This contention is unsound. The fact that the President’s decision had been set aside cannot by any stretch of the imagination mean that the impugned provisions were no longer applicable to the second applicant. He remained subject to them in the sense that the sentence of death that had been imposed upon him could be set aside only in terms of these provisions. It was important for him to know whether or not they were constitutional.41 Moreover the issue of the constitutionality of these provisions is also of enormous public importance. The High Court was right to consider it.

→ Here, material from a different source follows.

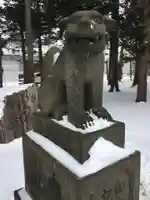 豊栄神社の狛犬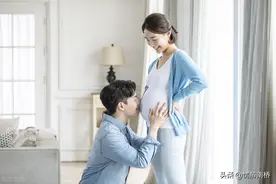 女人“怀孕”时，会有3个情感需求，男人要尽力满足图片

The foundation of the reasoning of the High Court that led to the conclusion that the impugned provisions were unconstitutional was the understanding that all sentences of death that had been imposed before the date upon which this Court declared capital punishment constitutionally invalid became unlawful in consequence of the declaration of invalidity. According to the High Court, it followed from this that all people who had been sentenced to death had the right to be sentenced afresh. Since the sentencing process was part of a trial, the High Court reasoned that the right to be sentenced afresh included the right to be “sentenced as part of and in accordance with”42 the fair trial requirement mandated by section 35 of the Constitution. I have already set out the ways in which the prescribed procedure deviates from the rights enshrined in section 35(3) of the Constitution.43 The first question that must be answered therefore is whether the finding that the mechanism enacted to substitute death sentences with other appropriate sentences was hit by section 35(3) of the Constitution.

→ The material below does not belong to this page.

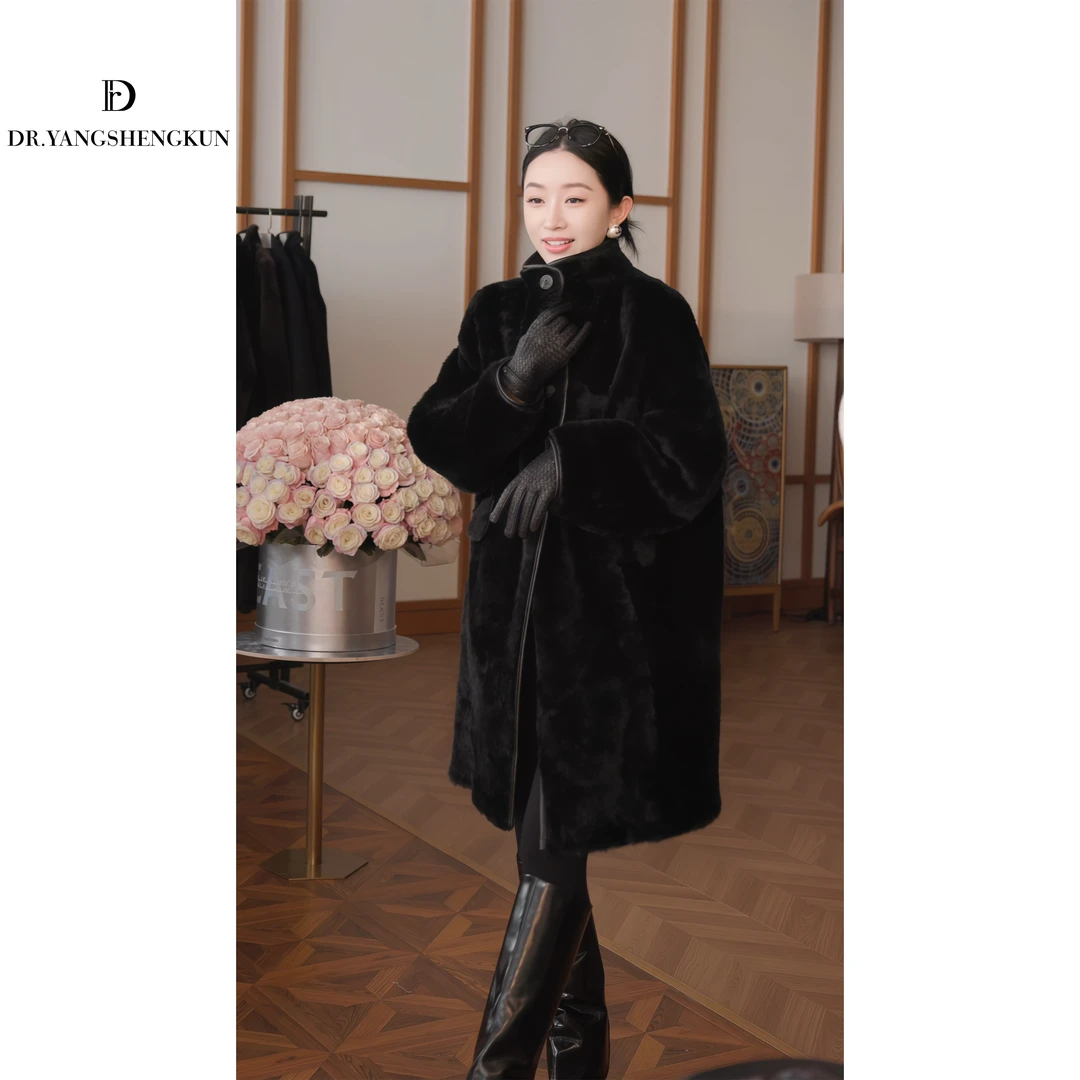 杨圣坤2025冬季新品斜襟立领中长款大拉贡皮毛一体外套S825120811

The starting point of the High Court’s reasoning is not correct. Sentences of death were not declared to be inconsistent with the Constitution with retrospective effect. The applicants and all other people in their position therefore had their death sentences imposed upon them, in terms of the law as it stood at the time. They had been tried, convicted and sentenced to death by a high court at a time when the Bill of Rights was not in force. The high court had found that the case before it was so exceptional that no sentence other than capital punishment would reasonably fulfil the objects of punishment. The SCA had moreover confirmed the decision of the high court in all these cases. Both courts had decided in all these cases that the ultimate sentence then available was the only proper sentence to be imposed after considering all mitigating and aggravating factors. This Court had not set aside the death sentences but merely ordered that the sentence not be executed, because it was no longer lawful.
Section 35(3) of the Constitution says that “every accused person” has the right to a fair trial. The question we must answer is whether the phrase “every accused person” embraces within its compass every person who fell in the class described in the previous paragraph. I think not. Section 35 is concerned with the trial, sentencing and appeal of a person who is accused of the commission of a crime and whose trial takes place in our new constitutional era. However generous the interpretation of the phrase “every accused person” in section 35 might be, it cannot be construed to include the people in the category with which we are concerned. This does not mean however that there was no constitutional constraint on the procedure for the setting aside of the death sentence and its substitution.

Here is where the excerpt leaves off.